The "Boosta" Movie or "the Bus" in English


Last Monday, in our way back from registration at NDU, me, Samer, and the wonderful Rayya went out to discover the journey of the "Boosta"; Lebanese film by "Philipe Araktonjy" a young Lebanese Director with a French Movie-Making backround.
I am very shy to tell that this out-going or trip if i can call it, if not a "journey", took us a three month period in order to implement. Three months went after the movie was introduced to the theaters and we still didnt agree on a final date to watch it. I will emphasize any more on the lateness issue of plan implementation since i am accused of it due to my Mountain vacations, but i will move on and not say additional words that may damage some ties. To tell you more, the whole theater was full of two guys and a girl ALONE, with their eyes pinned to the giant screen which came to swallow us. YES, we were alone in the 3 pm show time enjoying our VIP seets and vaccumed floor carpet.
The most important thing is that we reached the screen at last. It was a rainy day, messy if i can say, but nice after filling our stomaches with Hardees junkies, although very tasty.
If i want to telltale the story of the film, it talks about a group of diversified Lebanese youngs, by diversified I mean that from various religious sects, trying to form a dancing team but on their own modernized style; they wanted to modernice the traditional, cultural dance "the DABKEH" and manipulate its moves to meet trance rythyms with some pop and rock lines.
The move is great, I was well directed, well shooted, and well art-directed; It was shoot in the traditional Lebanese places starting from Aley, to Rachaya, to Baalbek, to Jounieh, and ends in Anjar. These towns resemble the religious belonging of each member of the group.
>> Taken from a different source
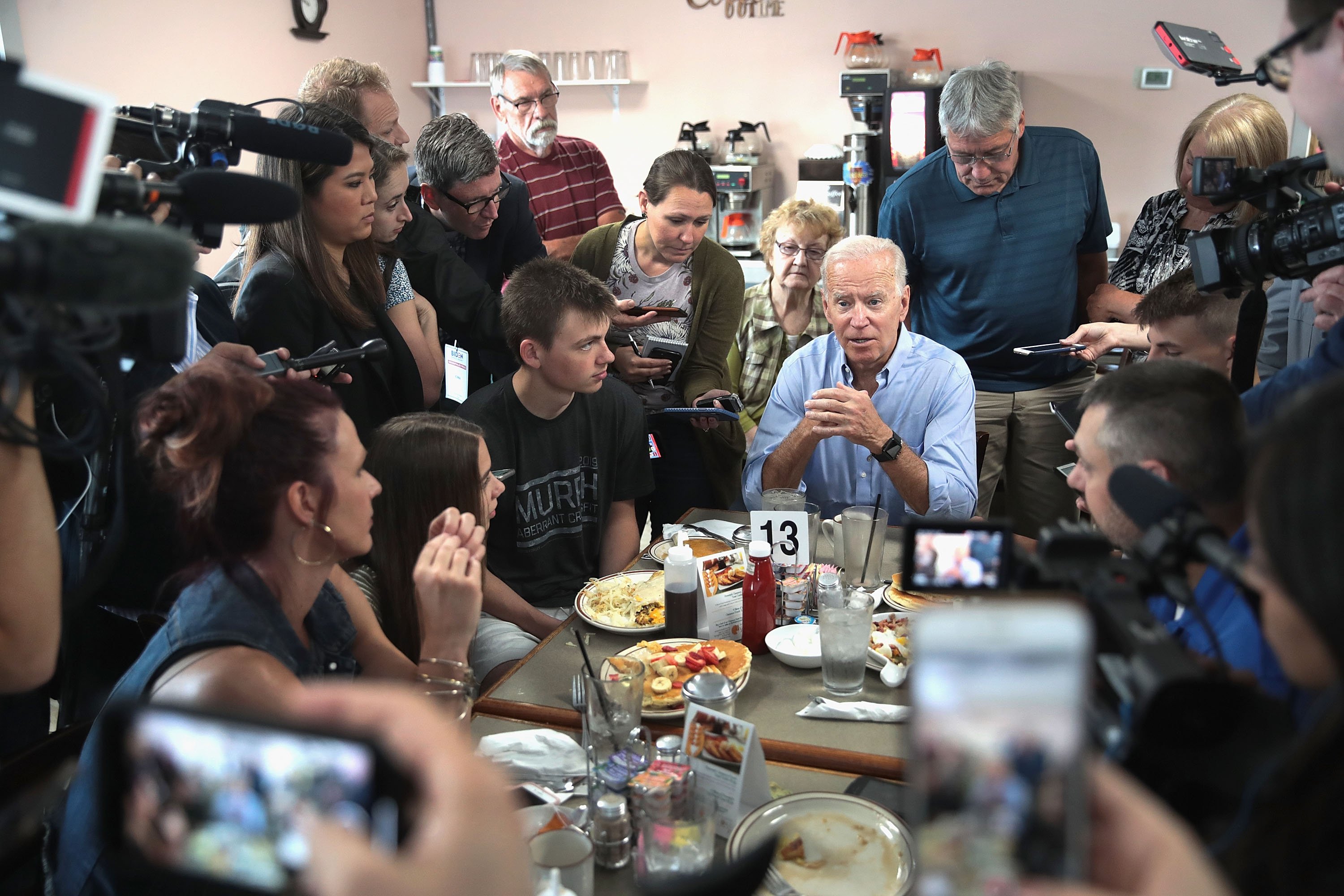 Democratic presidential candidate and former U.S. vice president Joe Biden speaks to diners at the Tasty Cafe during a quick campaign stop on June 12, 2019 in Eldridge, Iowa. (Photo by Scott Olson/Getty Images)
They used to staudy in their childhood at the ALey School which was destroyed by the civil war; Rachaya reflects the Druz, Baalbek the Shites, and Jounieh the Christians.
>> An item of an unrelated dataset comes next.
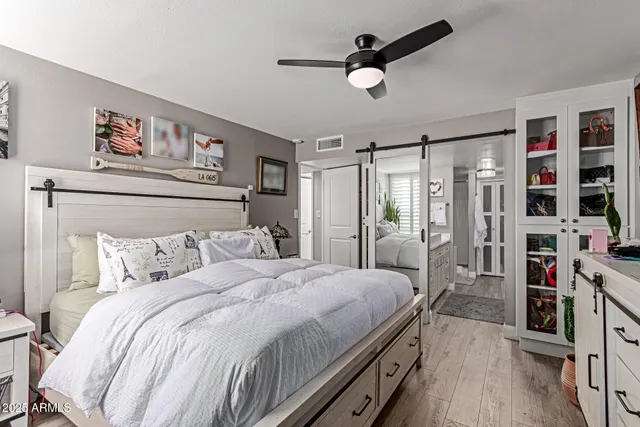 a bedroom with bed and a large mirror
After 15 years of exile in France, Kamal returns to Beirut with his mind set on one goal: recreate the dance group he had formed with his school friends and whom he hasn’t seen since – but today, not only does he want to bring back this disparate group together, but also take the bold move of introducing a Western flavor to the traditional Dabkeh music.

When the dancers audition before the jury of the national Dabkeh festival, they are curtly rejected on the basis that they are causing prejudice to the “only cultural icon left”. This prompts them to refurbish their old school bus and embark on a road trip across Lebanese towns to perform and introduce their pioneering dance to the public.

As they struggle to win people over to their alternative spirit, each of the dancers also realizes that they have also embarked on a personal journey to bond with their childhood, their friendships lost and found, the pains of the war and of separation… a journey that will lead a group of friends to turn the page on a painful past.

Bosta is a road musical that takes the audience on a wonderful journey across various Lebanese regions… a journey accompanied by a groundbreaking track and, of course, this truly pioneering dance, the electro-dabkeh.
The bus was the main cause of the civil war in 1975; It was the Ain Remmeneh incident that caused the broke of the civil war; But in this movie its role was resiprocated to become the tool that gathered all those Lebanese on a sole-main cause.
I was stunned by the movie, and i am willing to watch it again. I am very glad and proud to have such young and empowered directors like Philip Araktonji that are promising to revive the Lebanese cinema productions.
Lebanon never dies, coz its people are the Phoenix; They recreate and emerge from the ashes what so ever our enemies try to do.